● **What you should do**
Any picture in the material should be left out, while all other lines are copied exactly.
*** Available data ***
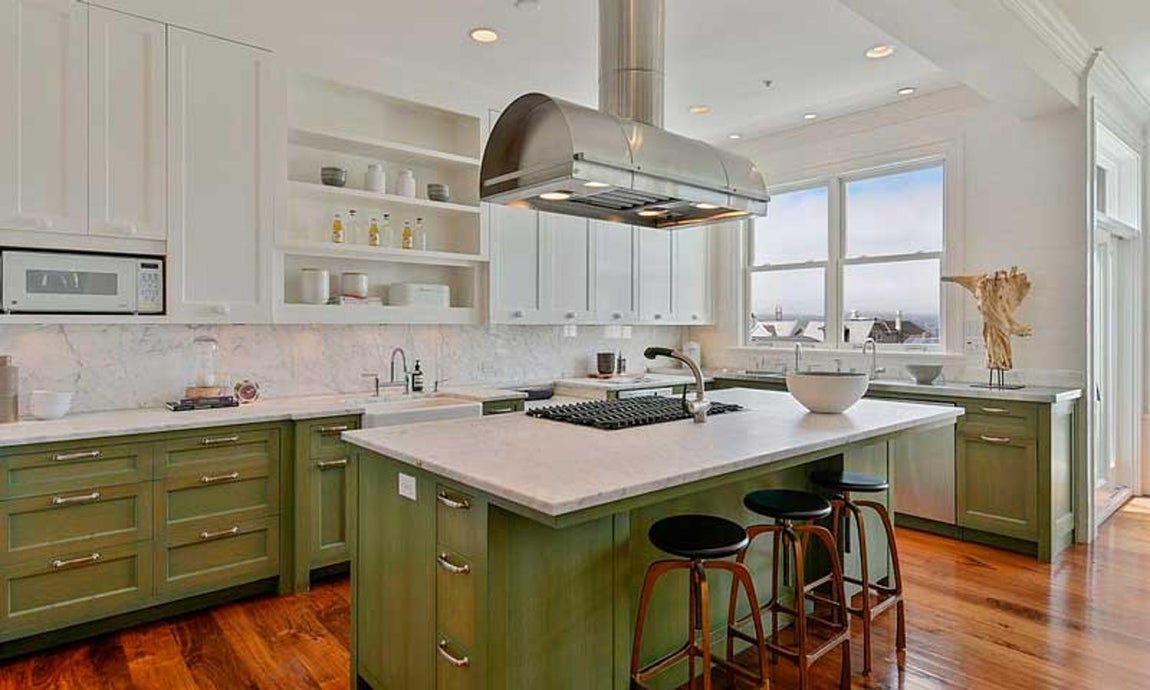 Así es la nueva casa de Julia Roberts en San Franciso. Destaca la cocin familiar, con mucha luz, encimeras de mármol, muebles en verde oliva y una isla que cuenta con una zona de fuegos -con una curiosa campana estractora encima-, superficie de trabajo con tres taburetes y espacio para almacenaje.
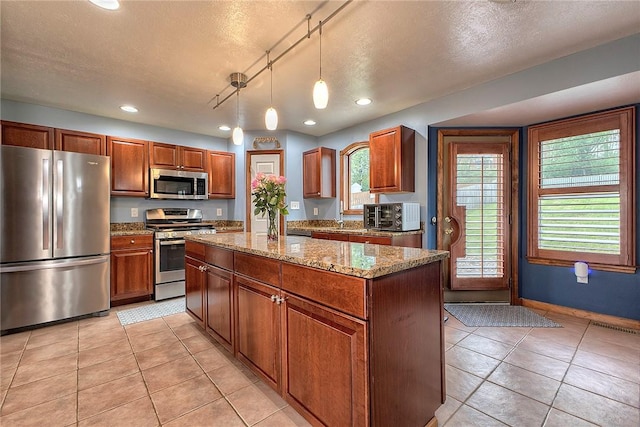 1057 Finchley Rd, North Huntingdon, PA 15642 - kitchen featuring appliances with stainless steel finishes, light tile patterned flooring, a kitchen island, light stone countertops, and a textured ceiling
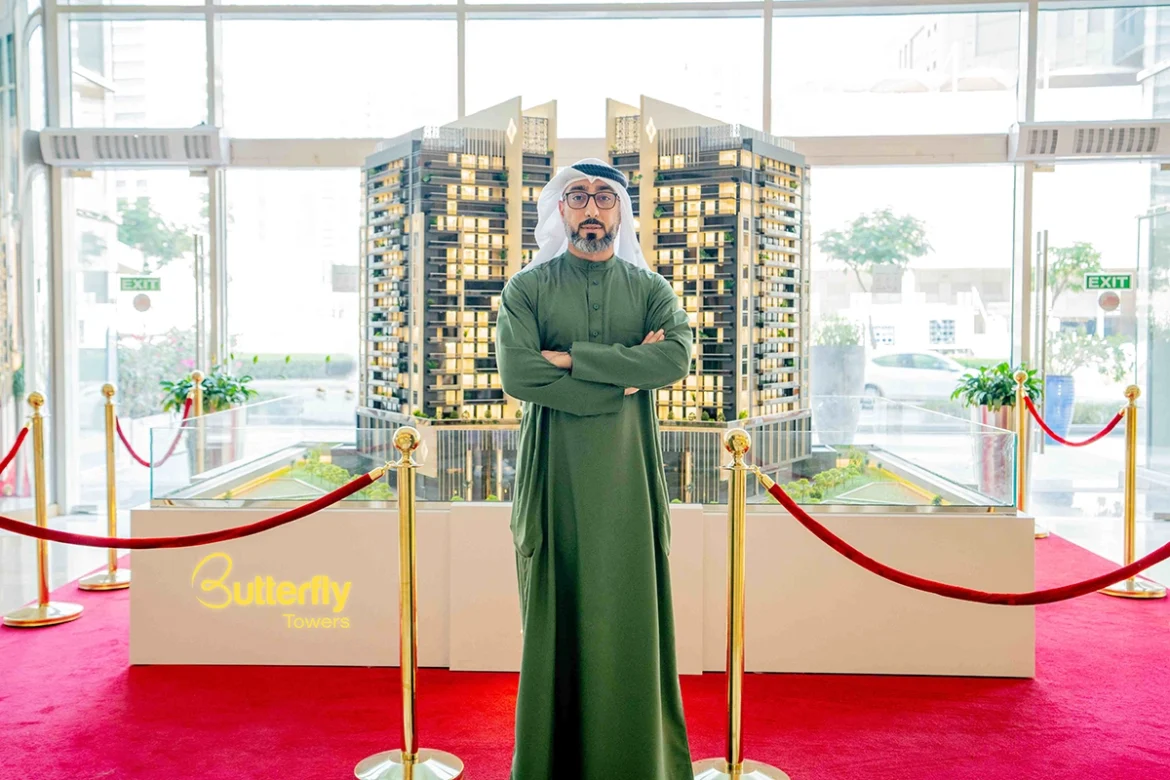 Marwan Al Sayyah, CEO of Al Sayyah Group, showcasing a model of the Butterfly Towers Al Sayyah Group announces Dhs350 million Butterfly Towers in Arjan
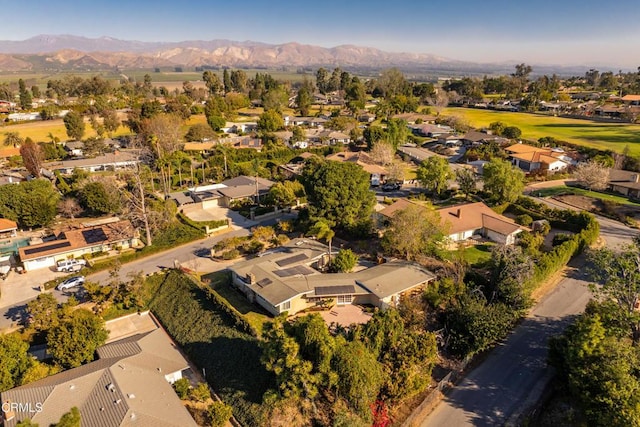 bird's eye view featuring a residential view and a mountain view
*** End of Available data ***
● **Answer to this task**
 Así es la nueva casa de Julia Roberts en San Franciso. Destaca la cocin familiar, con mucha luz, encimeras de mármol, muebles en verde oliva y una isla que cuenta con una zona de fuegos -con una curiosa campana estractora encima-, superficie de trabajo con tres taburetes y espacio para almacenaje.
 1057 Finchley Rd, North Huntingdon, PA 15642 - kitchen featuring appliances with stainless steel finishes, light tile patterned flooring, a kitchen island, light stone countertops, and a textured ceiling
 Marwan Al Sayyah, CEO of Al Sayyah Group, showcasing a model of the Butterfly Towers Al Sayyah Group announces Dhs350 million Butterfly Towers in Arjan
 bird's eye view featuring a residential view and a mountain view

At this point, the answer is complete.